Double Walker said, “And so you can take Golden Hair, as you call her, back to our village. What will Sparrowhawk and your other wives say? You have not asked them if they want to raise this white girl as their own.”

Black Elk grunted. He had four wives. Among the Blackfeet only a poor man had one wife. Warriors rich in horses and possessions had as many wives as they could support. The leader of their band had five. “They are my women. They will do as I say.”

Mad Wolf grinned and said to Double Walker, “He does not want Golden Hair for a daughter. He wants her for a fifth wife.”

“She looks young,” Double Walker said.

“I can wait a few winters.” Black Elk could wait for as long as need be to make her his wife. No one in his band, no one in the entire tribe, had a wife like her. Several warriors had white women in their lodges but none with hair so yellow. Hers was like the sun. She must be a favorite of the sun god, he thought. She would bring good medicine to his lodge and his people. And at night, under the blankets, he could run his fingers through her hair and—he grew warm at the imagining.

Small Otter was speaking. “There is another matter. This Grizzly Killer. His is a name we all have heard. He is white but he is Shoshone. It is said he has killed more of the silver tip bears than any man, white or red. It is said he has counted many coup.”

“Are you afraid?” Mad Wolf sneered.

For a moment Small Otter appeared ready to strike him. Instead he said, “If you truly think I am, we will set all our weapons aside except our knives and you can test my courage.”

It was Black Elk’s turn to grin. With a bow and arrow they were all about equal in skill. Mad Wolf was best with a lance. Double Walker, so big and so strong, was formidable with a war club. But with a knife Small Otter had no peer.

“Do not take me so seriously,” Mad Wolf said. “As for Grizzly Killer, yes, he has counted many coup. They say he has killed Sioux. He has killed our brothers, the Bloods and the Piegans. He has killed Black-feet.

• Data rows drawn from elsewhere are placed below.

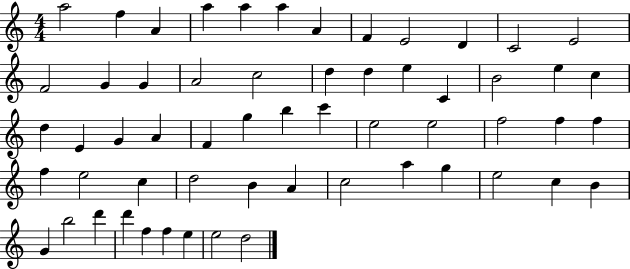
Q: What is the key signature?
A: C major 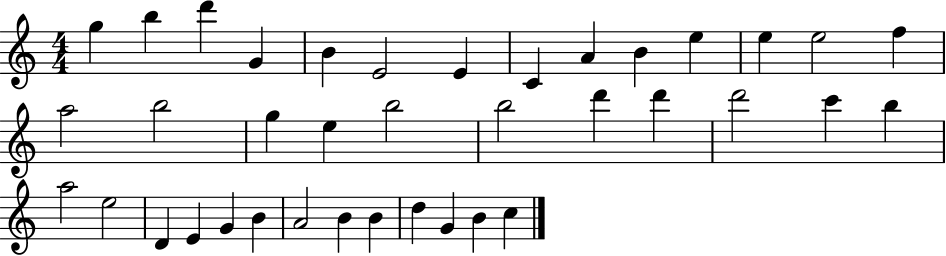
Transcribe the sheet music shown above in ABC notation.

X:1
T:Untitled
M:4/4
L:1/4
K:C
g b d' G B E2 E C A B e e e2 f a2 b2 g e b2 b2 d' d' d'2 c' b a2 e2 D E G B A2 B B d G B c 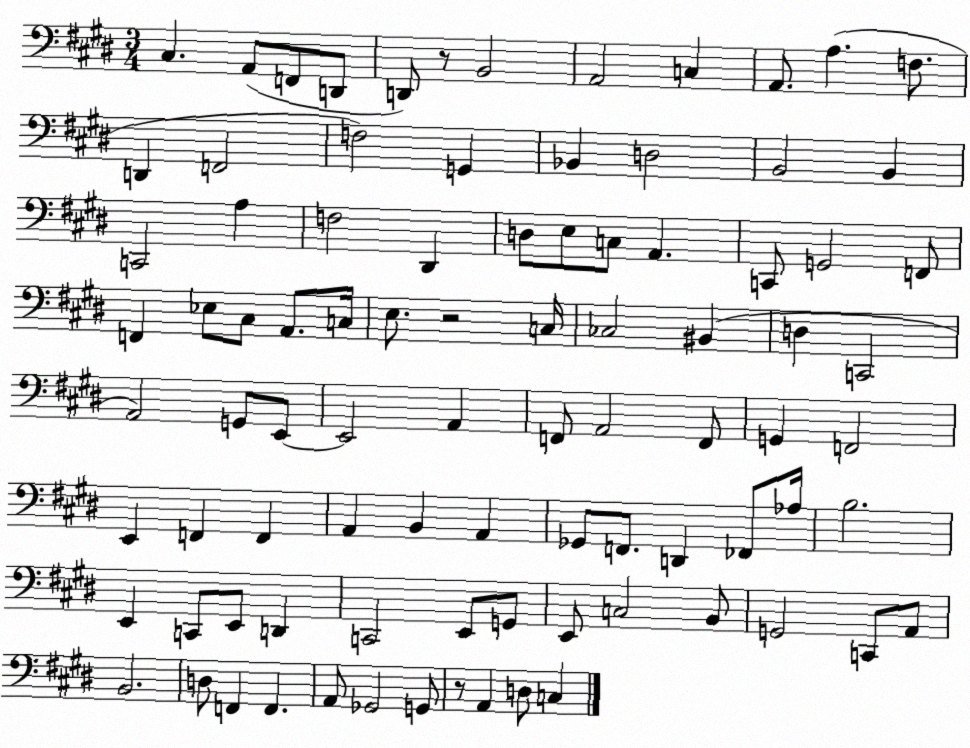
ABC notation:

X:1
T:Untitled
M:3/4
L:1/4
K:E
^C, A,,/2 F,,/2 D,,/2 D,,/2 z/2 B,,2 A,,2 C, A,,/2 A, F,/2 D,, F,,2 F,2 G,, _B,, D,2 B,,2 B,, C,,2 A, F,2 ^D,, D,/2 E,/2 C,/2 A,, C,,/2 G,,2 F,,/2 F,, _E,/2 ^C,/2 A,,/2 C,/4 E,/2 z2 C,/4 _C,2 ^B,, D, C,,2 A,,2 G,,/2 E,,/2 E,,2 A,, F,,/2 A,,2 F,,/2 G,, F,,2 E,, F,, F,, A,, B,, A,, _G,,/2 F,,/2 D,, _F,,/2 _A,/4 B,2 E,, C,,/2 E,,/2 D,, C,,2 E,,/2 G,,/2 E,,/2 C,2 B,,/2 G,,2 C,,/2 A,,/2 B,,2 D,/2 F,, F,, A,,/2 _G,,2 G,,/2 z/2 A,, D,/2 C, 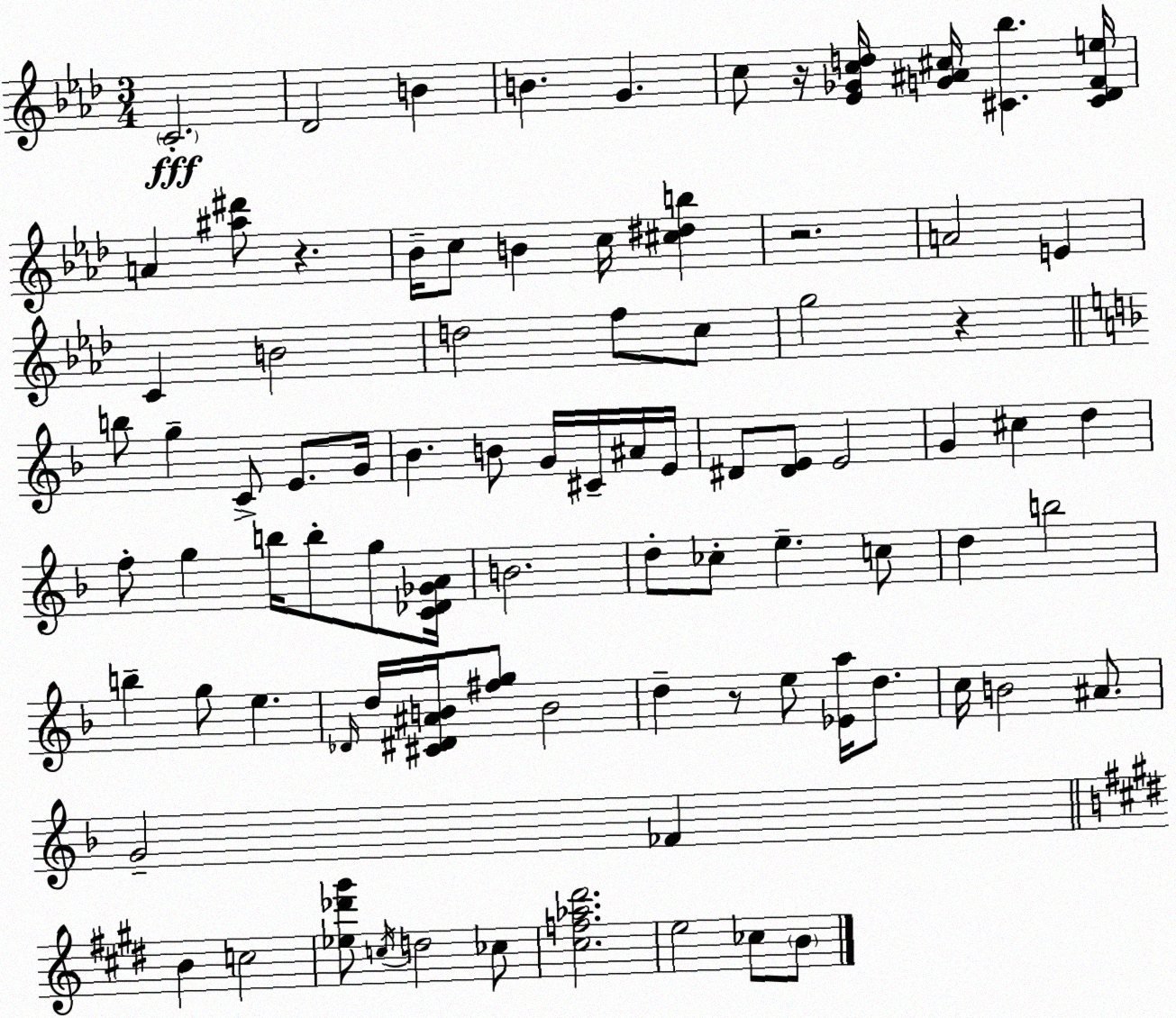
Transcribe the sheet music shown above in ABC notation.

X:1
T:Untitled
M:3/4
L:1/4
K:Ab
C2 _D2 B B G c/2 z/4 [_E_Gcd]/4 [G^A^c]/4 [^C_b] [^C_DFe]/4 A [^a^d']/2 z _B/4 c/2 B c/4 [^c^db] z2 A2 E C B2 d2 f/2 c/2 g2 z b/2 g C/2 E/2 G/4 _B B/2 G/4 ^C/4 ^A/4 E/4 ^D/2 [^DE]/2 E2 G ^c d f/2 g b/4 b/2 g/2 [C_D_GA]/4 B2 d/2 _c/2 e c/2 d b2 b g/2 e _D/4 d/4 [^C^D^AB]/4 [^fg]/2 B2 d z/2 e/2 [_Ea]/4 d/2 c/4 B2 ^A/2 G2 _F B c2 [_e_d'^g']/2 c/4 d2 _c/2 [^cf_a^d']2 e2 _c/2 B/2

He is a great warrior.” His face lit with the passion that inspired him more than any other. “Think of our fame if we kill him.”

“Think of your fame, you mean,” Double Walker said. “You are the one who wants to count more coup than any Blackfoot who ever lived.”

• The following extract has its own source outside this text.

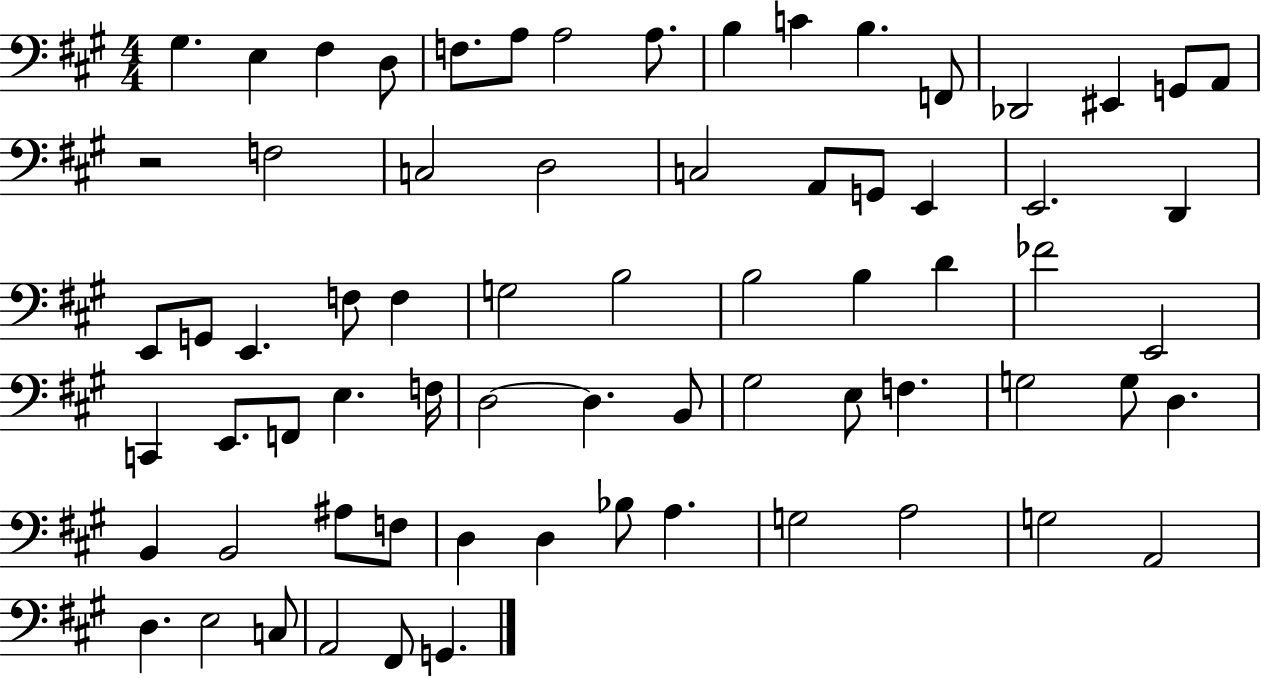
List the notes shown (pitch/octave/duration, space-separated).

G#3/q. E3/q F#3/q D3/e F3/e. A3/e A3/h A3/e. B3/q C4/q B3/q. F2/e Db2/h EIS2/q G2/e A2/e R/h F3/h C3/h D3/h C3/h A2/e G2/e E2/q E2/h. D2/q E2/e G2/e E2/q. F3/e F3/q G3/h B3/h B3/h B3/q D4/q FES4/h E2/h C2/q E2/e. F2/e E3/q. F3/s D3/h D3/q. B2/e G#3/h E3/e F3/q. G3/h G3/e D3/q. B2/q B2/h A#3/e F3/e D3/q D3/q Bb3/e A3/q. G3/h A3/h G3/h A2/h D3/q. E3/h C3/e A2/h F#2/e G2/q.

“I make no secret of that. We are warriors. Warriors kill. The more we kill, the greater we are. I will be the greatest one day. Our children and our grand-children and our grandchildren’s children will sing songs about me.”

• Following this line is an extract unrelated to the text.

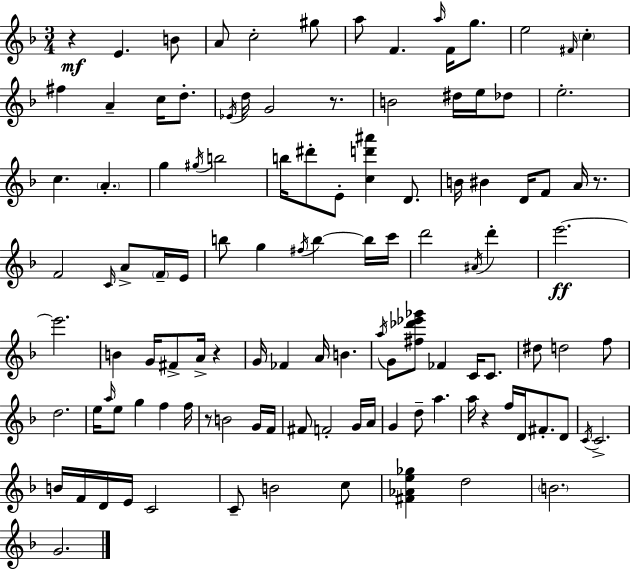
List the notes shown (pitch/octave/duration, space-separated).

R/q E4/q. B4/e A4/e C5/h G#5/e A5/e F4/q. A5/s F4/s G5/e. E5/h F#4/s C5/q F#5/q A4/q C5/s D5/e. Eb4/s D5/s G4/h R/e. B4/h D#5/s E5/s Db5/e E5/h. C5/q. A4/q. G5/q G#5/s B5/h B5/s D#6/e E4/e [C5,D6,A#6]/q D4/e. B4/s BIS4/q D4/s F4/e A4/s R/e. F4/h C4/s A4/e F4/s E4/s B5/e G5/q F#5/s B5/q B5/s C6/s D6/h A#4/s D6/q E6/h. E6/h. B4/q G4/s F#4/e A4/s R/q G4/s FES4/q A4/s B4/q. A5/s G4/e [F#5,Db6,Eb6,Gb6]/e FES4/q C4/s C4/e. D#5/e D5/h F5/e D5/h. E5/s A5/s E5/e G5/q F5/q F5/s R/e B4/h G4/s F4/s F#4/e F4/h G4/s A4/s G4/q D5/e A5/q. A5/s R/q F5/s D4/s F#4/e. D4/e C4/s C4/h. B4/s F4/s D4/s E4/s C4/h C4/e B4/h C5/e [F#4,Ab4,E5,Gb5]/q D5/h B4/h. G4/h. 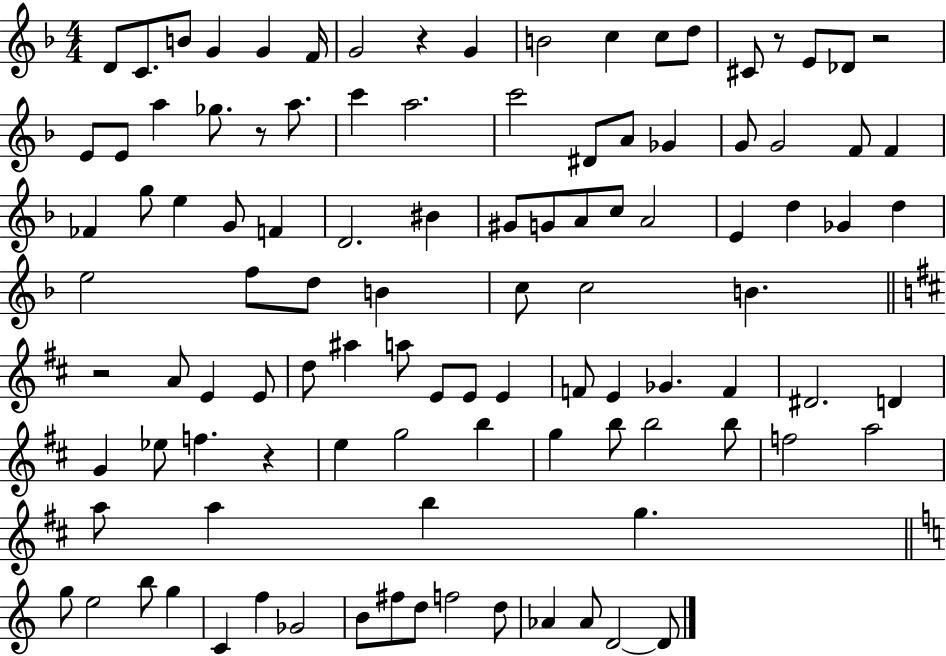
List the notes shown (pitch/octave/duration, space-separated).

D4/e C4/e. B4/e G4/q G4/q F4/s G4/h R/q G4/q B4/h C5/q C5/e D5/e C#4/e R/e E4/e Db4/e R/h E4/e E4/e A5/q Gb5/e. R/e A5/e. C6/q A5/h. C6/h D#4/e A4/e Gb4/q G4/e G4/h F4/e F4/q FES4/q G5/e E5/q G4/e F4/q D4/h. BIS4/q G#4/e G4/e A4/e C5/e A4/h E4/q D5/q Gb4/q D5/q E5/h F5/e D5/e B4/q C5/e C5/h B4/q. R/h A4/e E4/q E4/e D5/e A#5/q A5/e E4/e E4/e E4/q F4/e E4/q Gb4/q. F4/q D#4/h. D4/q G4/q Eb5/e F5/q. R/q E5/q G5/h B5/q G5/q B5/e B5/h B5/e F5/h A5/h A5/e A5/q B5/q G5/q. G5/e E5/h B5/e G5/q C4/q F5/q Gb4/h B4/e F#5/e D5/e F5/h D5/e Ab4/q Ab4/e D4/h D4/e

“Here he goes again,” Small Otter said.

Black Elk held up a hand. “Enough. If Mad Wolf wants to kill Grizzly Killer, I wish him success. My interest is the girl, Golden Hair. But Mad Wolf and I cannot kill the white Shoshone or steal the white girl alone. Are you with us? Are we together in this?”

Double Walker shook his war club. “I am with you.”

“Good.”

Small Otter scowled. “We have been friends since we were little. We have grown together. We have hunted and played and gone on the war path together. So yes, I am with you. But I want it known I do not think we are doing right. I have a bad feeling.”

“You always have bad feelings,” Mad Wolf said.

Black Elk slung his bow across his back. “Then we are agreed. We must hurry. The whites are making for a pass high up that will take them to the other side of the mountains. But I know another way. A faster way. We can get to the other side ahead of them and catch them unprepared.”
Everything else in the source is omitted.